Every two years, Utah college students gather from all over the state to create Utah’s exit poll. An exit poll is a survey randomly distributed at voting stations on election day. The survey asks voters their views on various topics and attempts to predict the final verdict on the issues before the official results come in.

“Exit polling happens in almost every state,” student volunteer Cate Stolworthy explained with a smile, “but Utah’s one-and-only exit poll is this one.”

Of the 600 volunteers, more than 400 came from BYU campus, and a large portion came from the BYU Department of Statistics. Although many hours were spent in organizing the event, statistics students, like Adam Jackman, still had to work long hours that Tuesday to pull everything together.

“We started at 5:00 a.m. and have been going since. Full steam,” said Jackman at 8:30 p.m. on Tuesday night. Most students didn’t return to their own homes until after 11:00 p.m. that night.

Despite the long hours, Brittany Spencer, a graduate student in the statistics program, said she’d definitely do it again.

“It’s really neat seeing a big project like this come together,” she said, “even if it seems a little hazy along the way!”

While the event was a fun experience for everyone involved, Spencer said that it was also a great way for the statistics students to apply what they’ve been learning.

“Instead of just sitting there learning theory, we’re actually doing it!”

Producing a top-notch exit poll survey like this isn’t easy, however.
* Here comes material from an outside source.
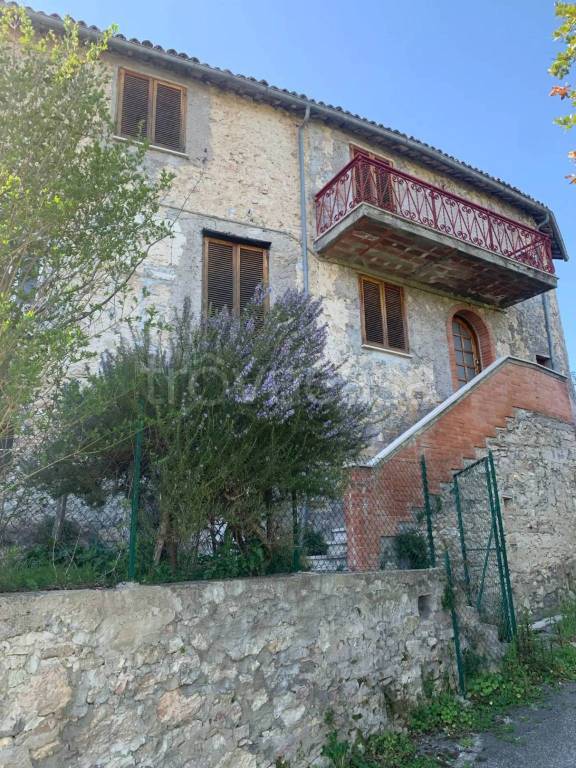 casa indipendente in vendita a Contigliano
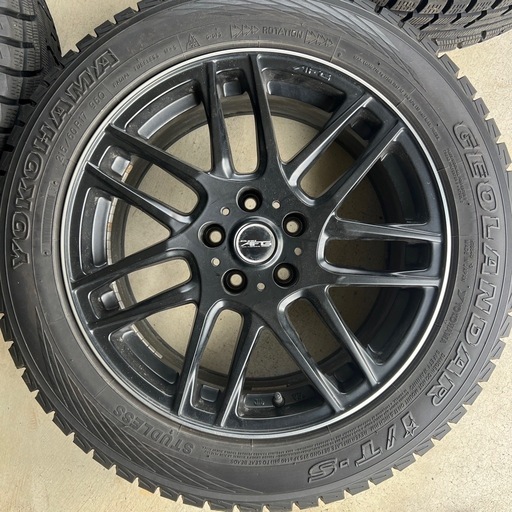 YOKOHAMA スタッドレス　215/60R17 4本セット　ホイールセット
Professor Dan Williams, who has been the lead statistics faculty member on the event for four years, explained, “It takes a lot of preparation. Once we finish this poll up, we start planning for the next one, two years away.”
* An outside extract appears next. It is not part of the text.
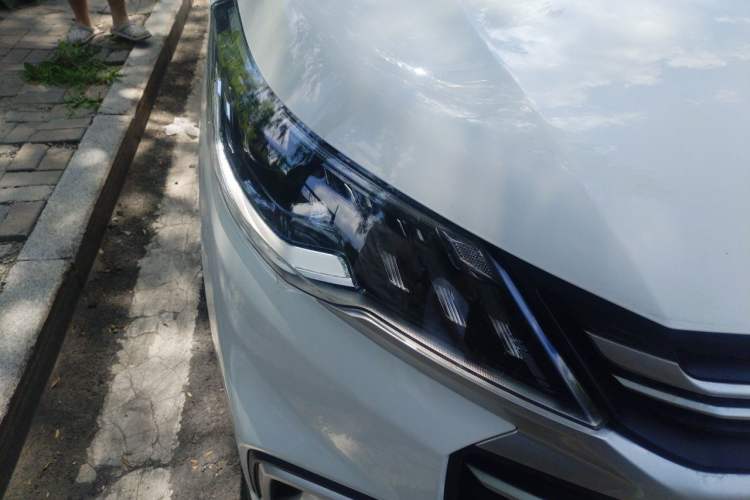 Used SAIC MAXUS G50 2022 1.5T Manual Touring A Right Front Headlight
And that preparation certainly paid off this year. The exit polling student team was seven for seven in their predictions. These seven don’t include three other political races that the team termed “too close to call.” Even in these instances, however, the exit poll’s information held true and did indeed predict the correct final results. Professor Dan Williams was very pleased with how his statistics students worked in the event.

He said, “When it comes down to the bottom line, the students have done a major project. . . . We had some issues . . . but we did it!”